Unicode support for these character/symbol is very confusing at best.
For the small waw, they only have small waw, not superscript waw. For
the small yeh, they have both, the spacing glyph and the superscript
one. And the worst the the alef, named as superscript alef, but
described as a vowel mark, so I myself have no idea what it means, or
it what it suppose to represent. Take the SIL font for example, they
have the small waw as a non spacing glyph, contrary to Unicode
description. This is just one example how misleading the document
really is.
So, if you ask me, the best is for unicode to either change the
glyph/character property as propsed by Yousif, or add few more
codepoints for the "missing" glyph. Second approach probably can be
adopted faster.
And about the tanween/assimilated tanween, well Mete, I can tell you
that the only standard technology today that can support it is
Opentype. True, opentype support is available on Microsoft platform,
Linux, OS X, and maybe some other platform, but I think it is not
enough. First, opentype support for those platform are still
"problematic". If you look at gnome bugzilla, pango did some
workaround to make it compatible with uniscribe, but have to deviate
from the standard document. Also, tools to produce opentype font are
not widely available. The only good tool that I know is MS VOLT. Even
that, I personally thinks that MS VOLT is a buggy software, and I do
have proofs for it. The other tool is fontlab. Try creating GSUB and
GPOS table with fontlab, and I think you will go crazy. Maybe Gregg
know better.
Another important thing about technology: Pocket PC 2003 does not have
full opentype support. I'm not sure about palm, but I doubt it has.

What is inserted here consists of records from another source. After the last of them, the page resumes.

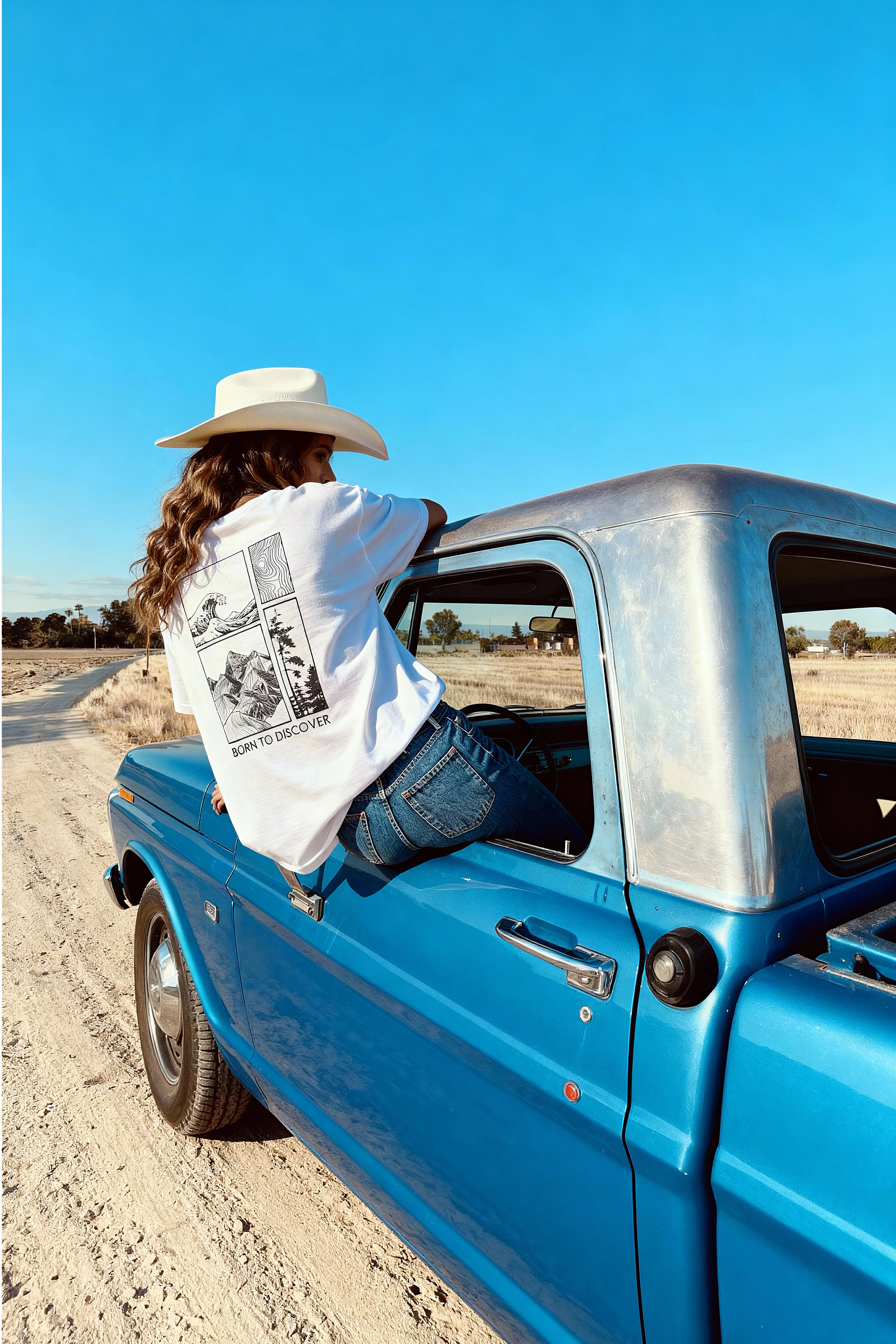 woman in a car wearing relaxed fit white t-shirt
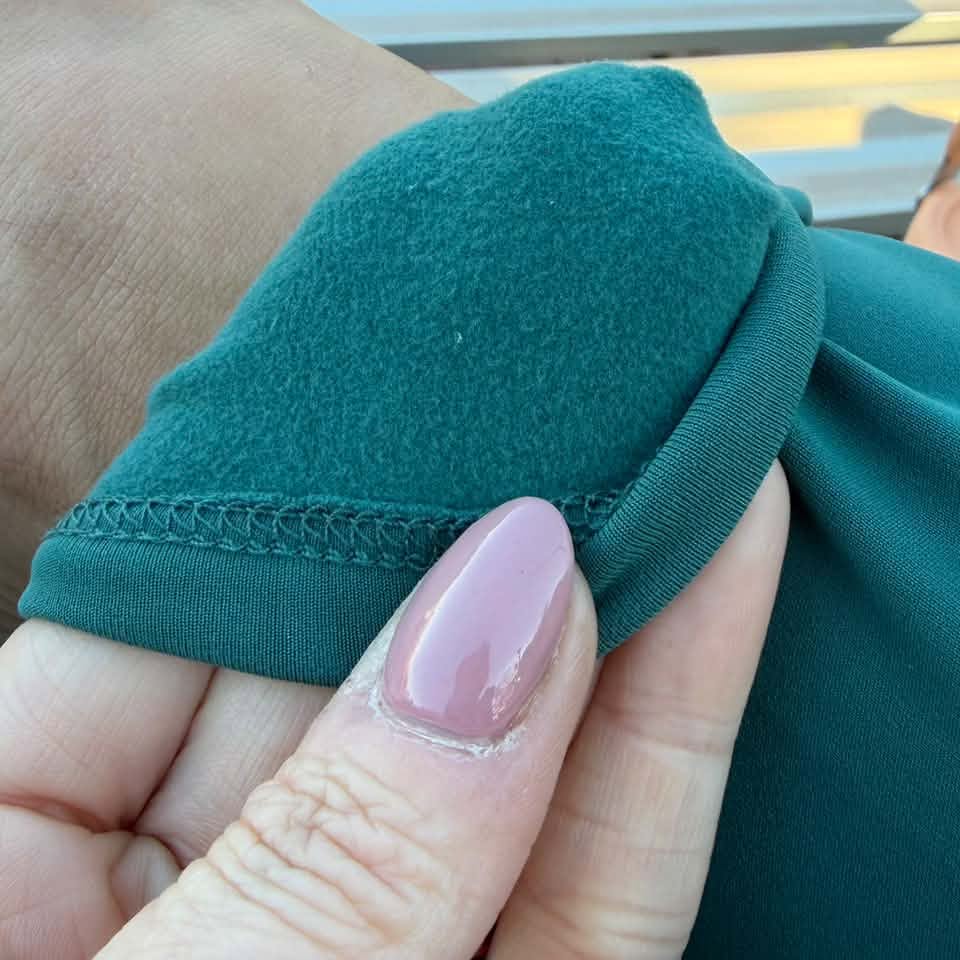 LuLaRoe WarmTech fleece-lined leggings solid deep teal blue - detail and lifestyle view 5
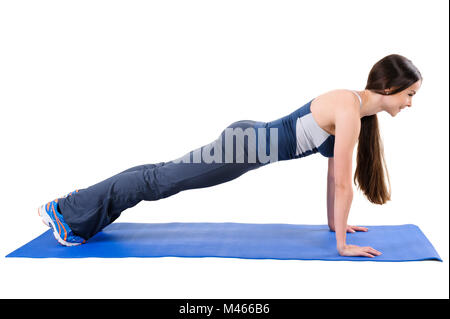 Young woman doing Straight Arms Plank Workout Stock Photo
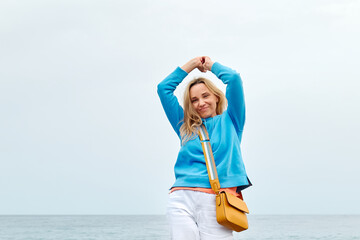 Attractive blond woman in light blue hoodie walking on winter beach. Traveling. Wellbeing and harmony concept. Unity with nature.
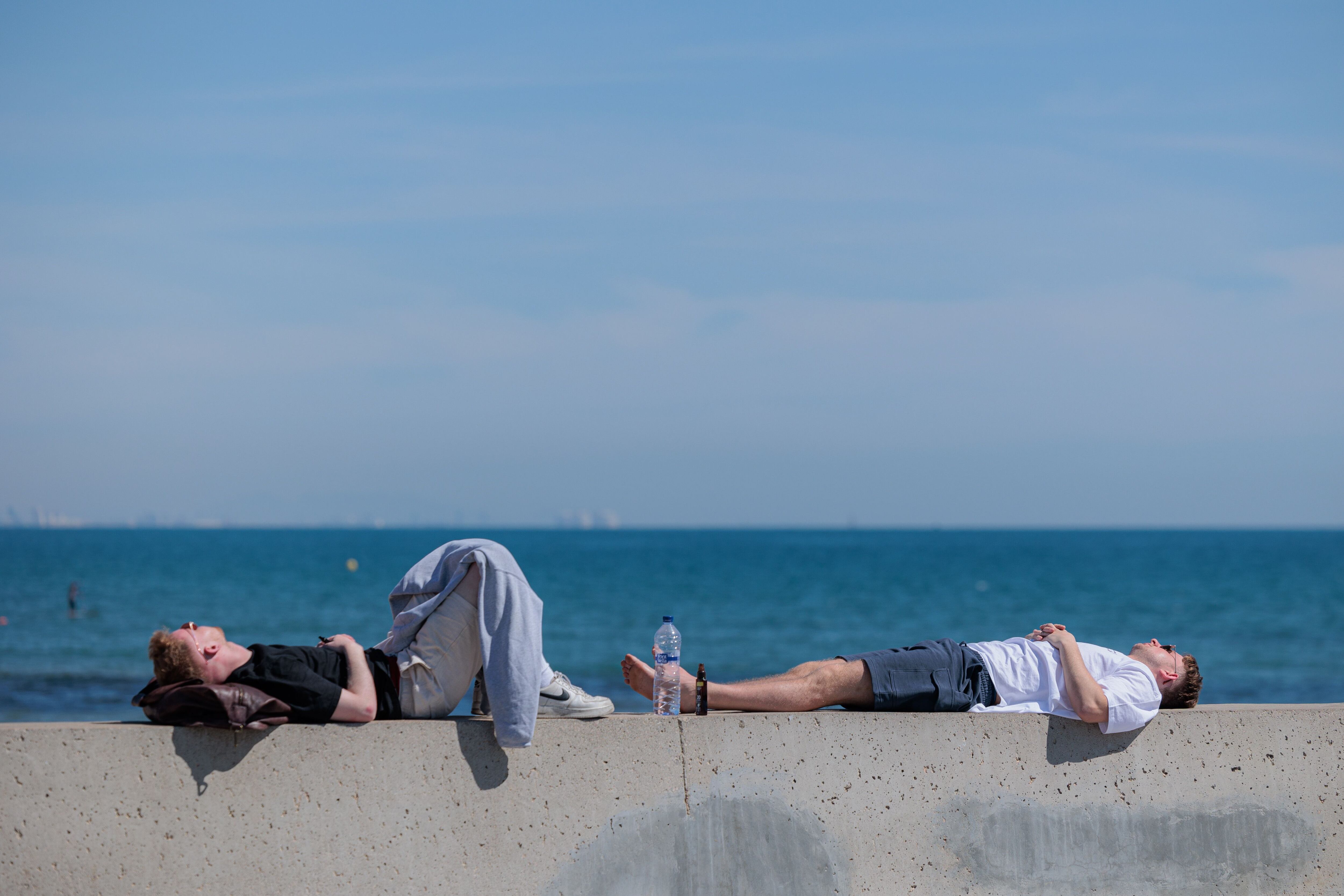 Dos personas descansan al sol en la playa de la Malvarrosa, en Valencia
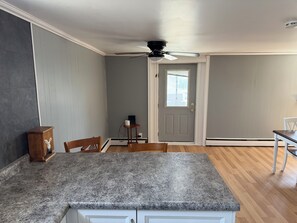 Une cuisine dotée d’un plan de travail en granit, de chaises en bois, d’un ventilateur de plafond et d’une porte avec une fenêtre.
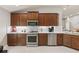 This is a bright kitchen with modern appliances, wood cabinets and quartz counters at 2723 Jollivette Rd, North Port, FL 34288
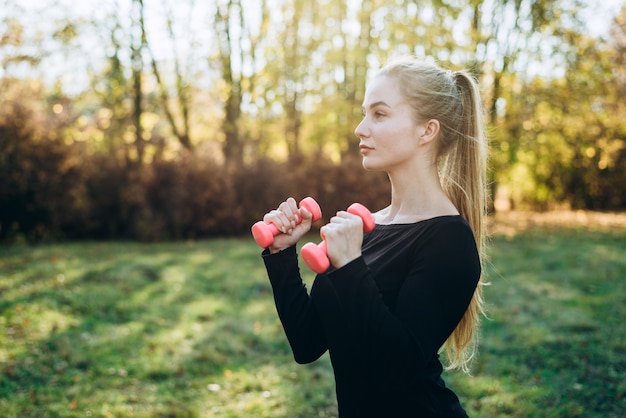 Profile of slim girl with dumbbells outdoors. fitness in park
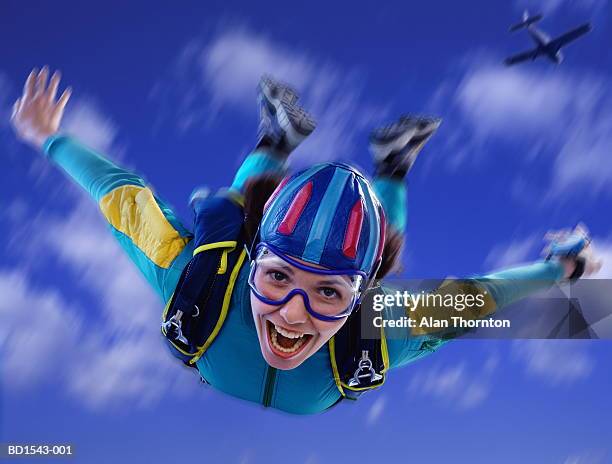 young woman skydiving, close-up, low angle view (digital composite) - indoor skydive stock pictures, royalty-free photos & images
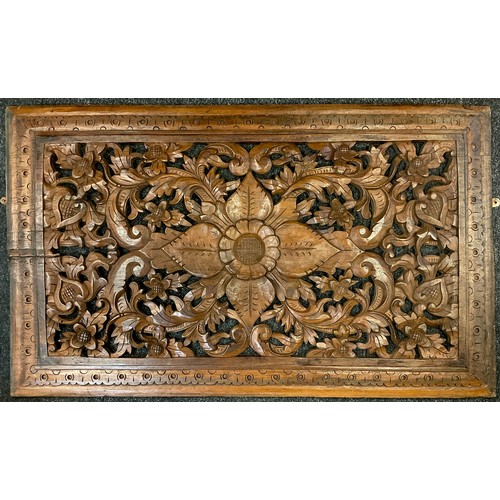 61 - A carved wooden rectangular plaque, pierced floral centre within scrolling surround, dotted boarder,... 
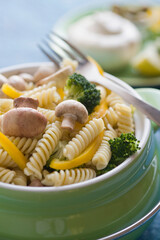 Close-up of pasta with a fork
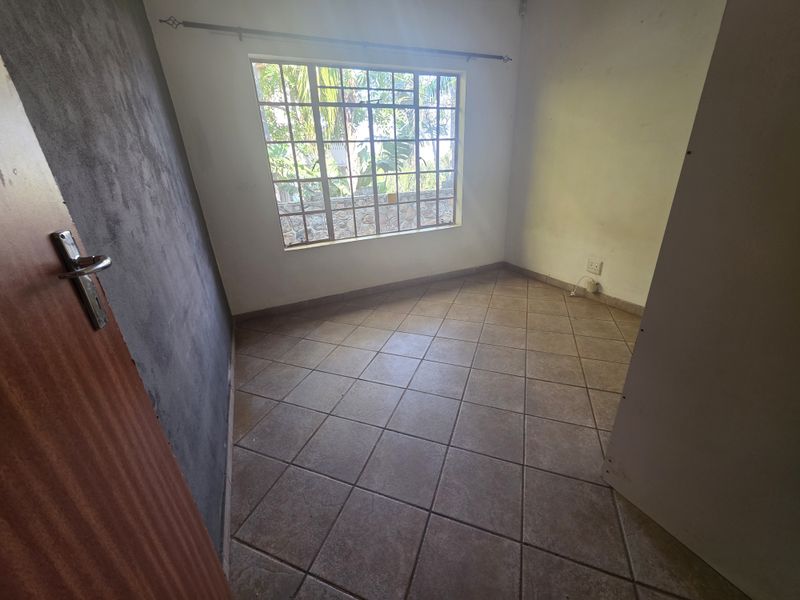 An empty bedroom featuring tiled flooring, a large grid-pattern window, and an unfinished accent wall, offering a blank canvas for renovation.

So, we can't display the text on those platform. I think these
platform is very important for displaying the Quran, since it is the
most convenient for all. ( I really would like to get one specifically
for reading the Quran).
On side note, I've just started to understand how Visual Truetype
works (sort of). My problem was I started with arabic font, but all of
the documentation/samples/terminology are very tailored to latin font.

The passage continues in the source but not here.